What to do:
Word for word, please restate the line that contains "Small #5 Doberman Pinscher" and all lines after it through the end of the material, minus the pictures.
* * * *
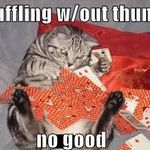 cat_shuffling.jpg
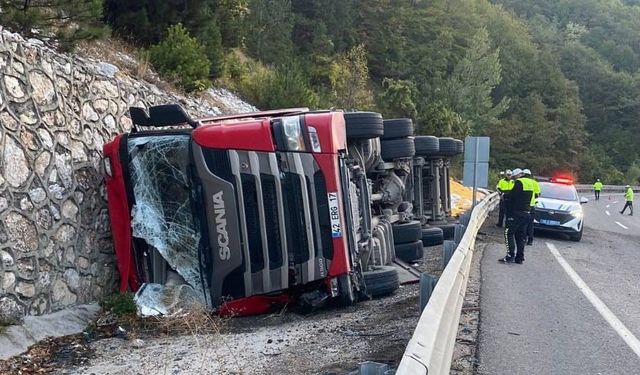 Kontrolden çıkan yem yüklü tır devrildi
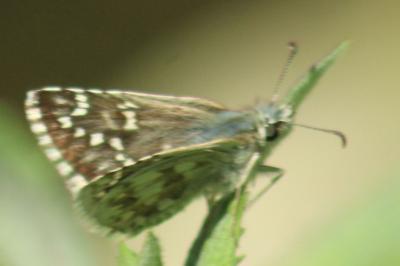 <i>Pyrgus carthami</i>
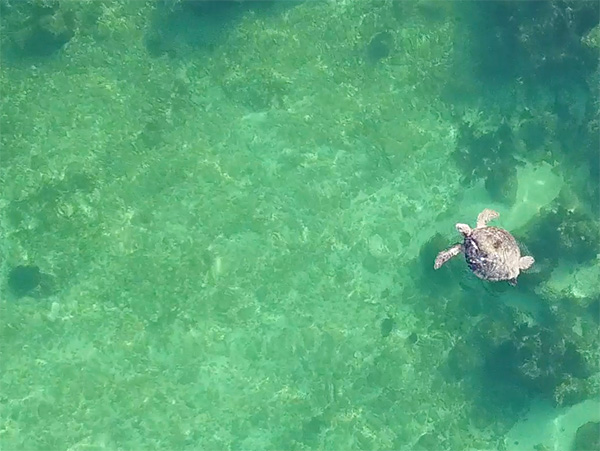 sea turtle at champagne shores villa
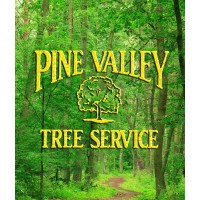 Pine Valley Tree Service logo - Similar company to Ticos Tree Service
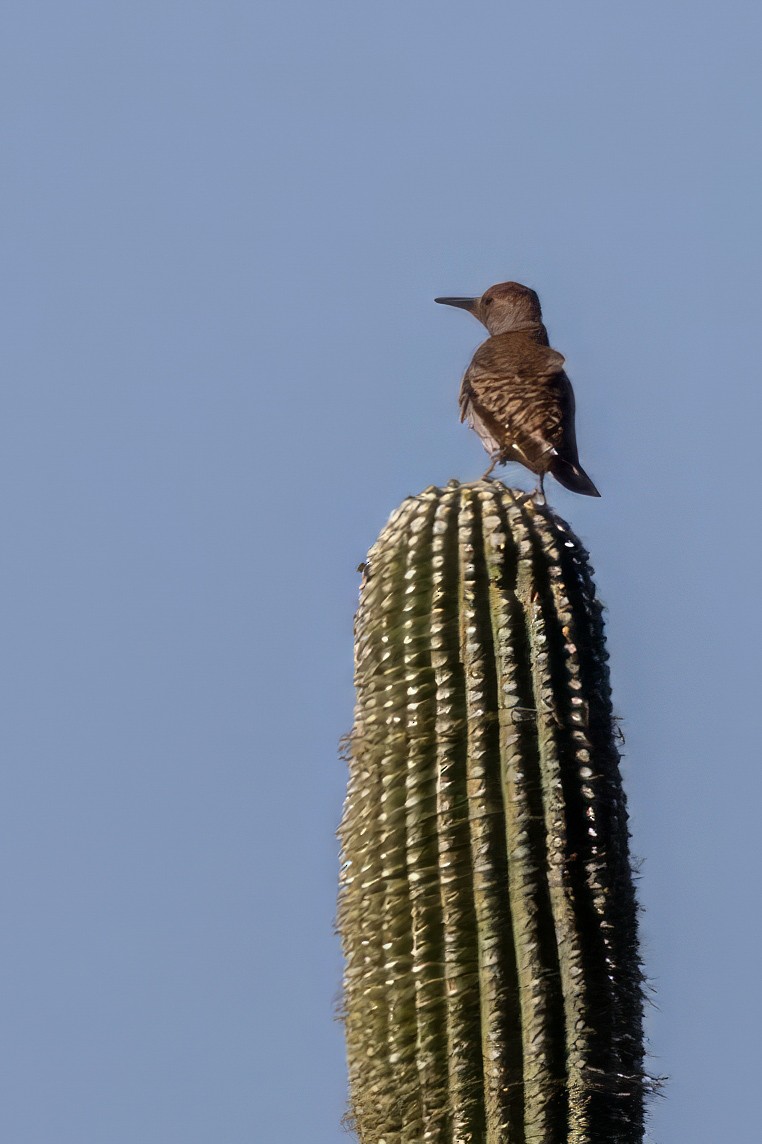 saguarospett - ML619890057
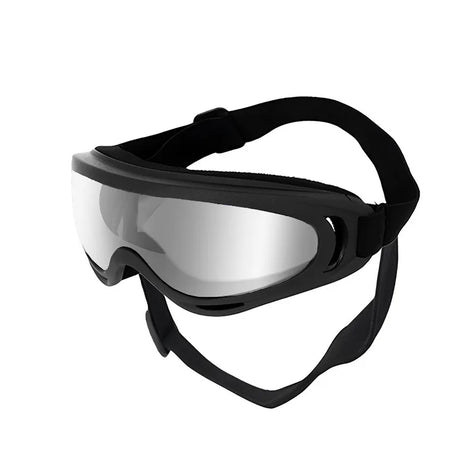 Goggles för hund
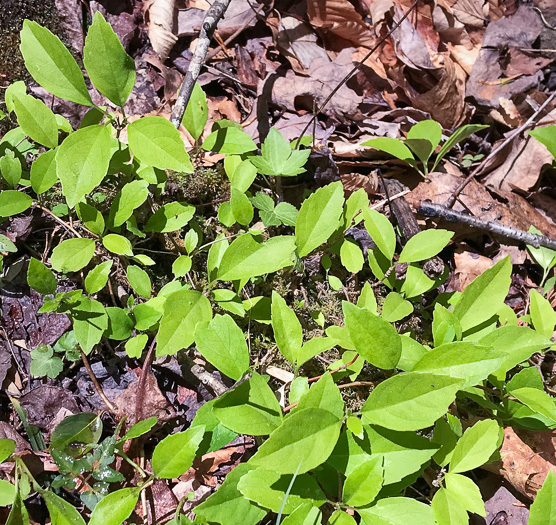 Climbing Hydrangea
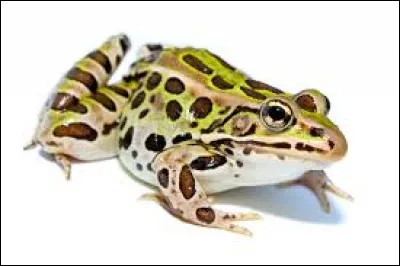 What is the name of this frog ?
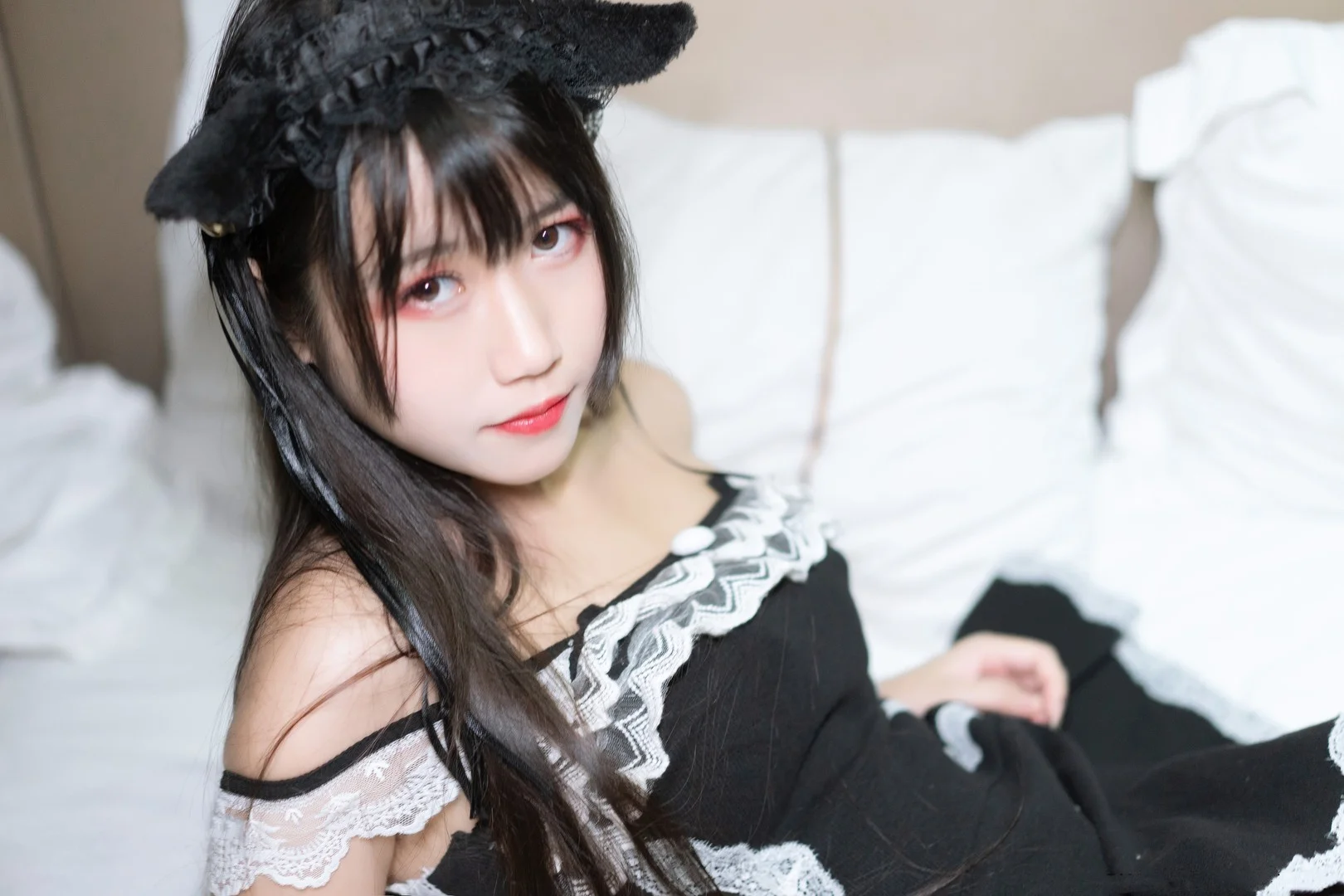 不呆猫写真图片(2)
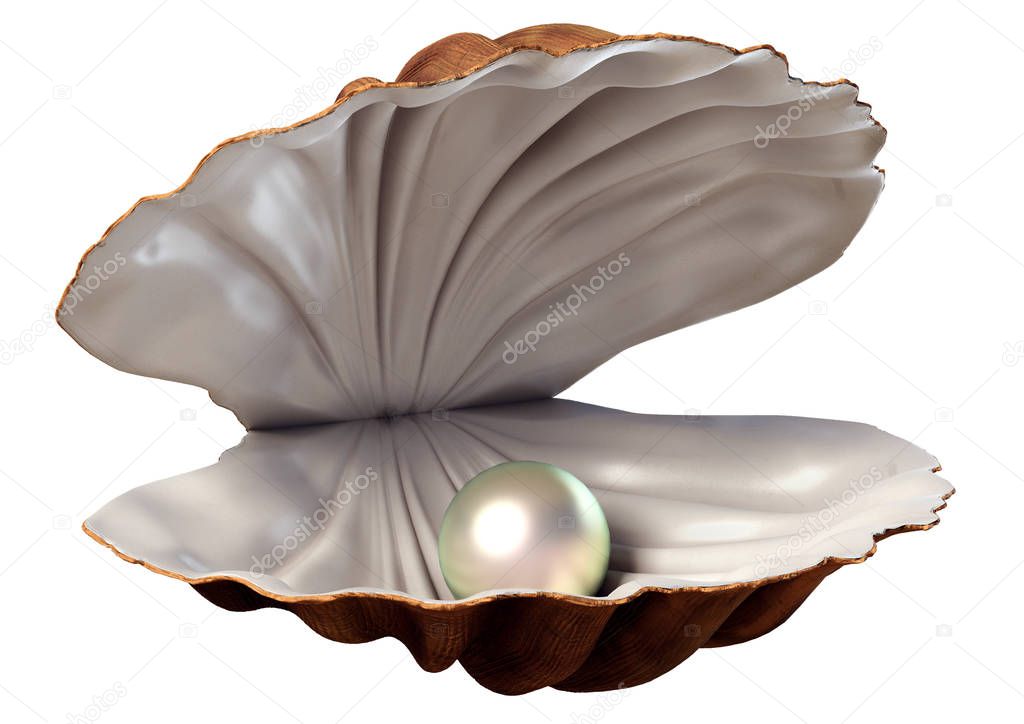 A 3d illustration of a seashell with pearl on a white background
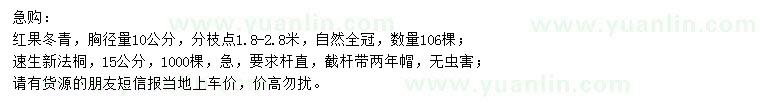 求购红果冬青、速生新法桐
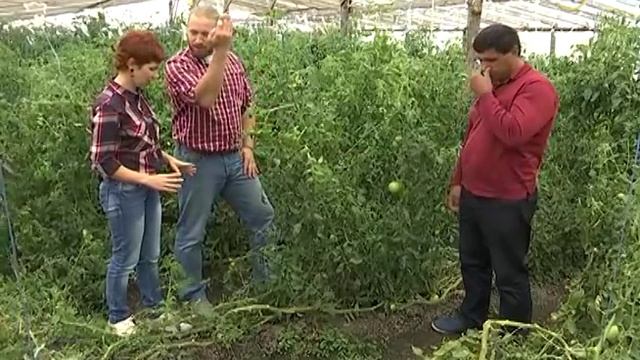 09.10.16 «Своя ферма». Помидоры смотреть онлайн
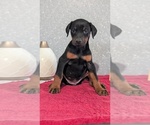 Small #5 Doberman Pinscher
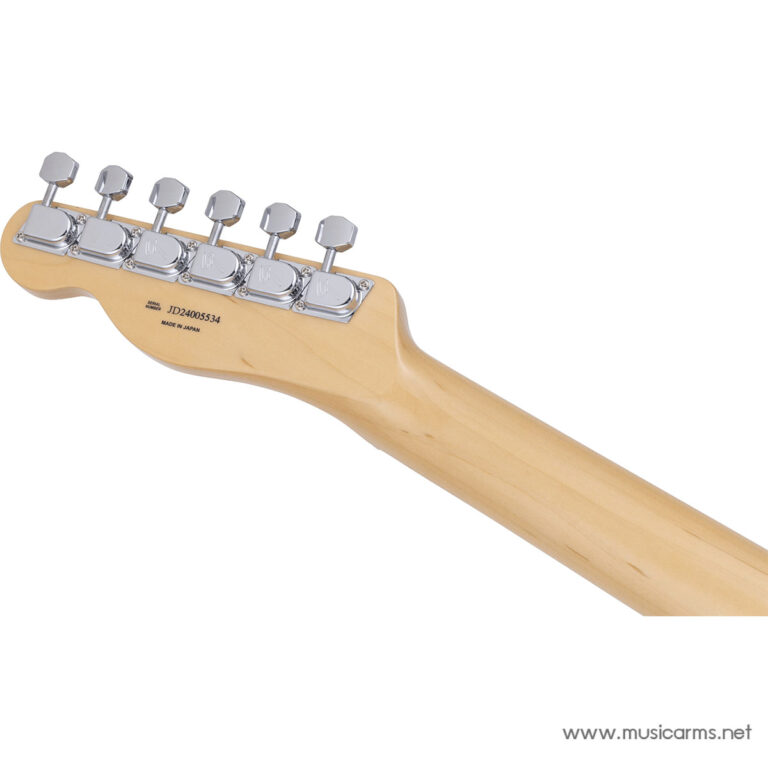 Fender Limited Edition Made in Japan Telecaster in Black Paisley ขายราคาพิเศษ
* * * *
Solution:
 Small #5 Doberman Pinscher
 Fender Limited Edition Made in Japan Telecaster in Black Paisley ขายราคาพิเศษ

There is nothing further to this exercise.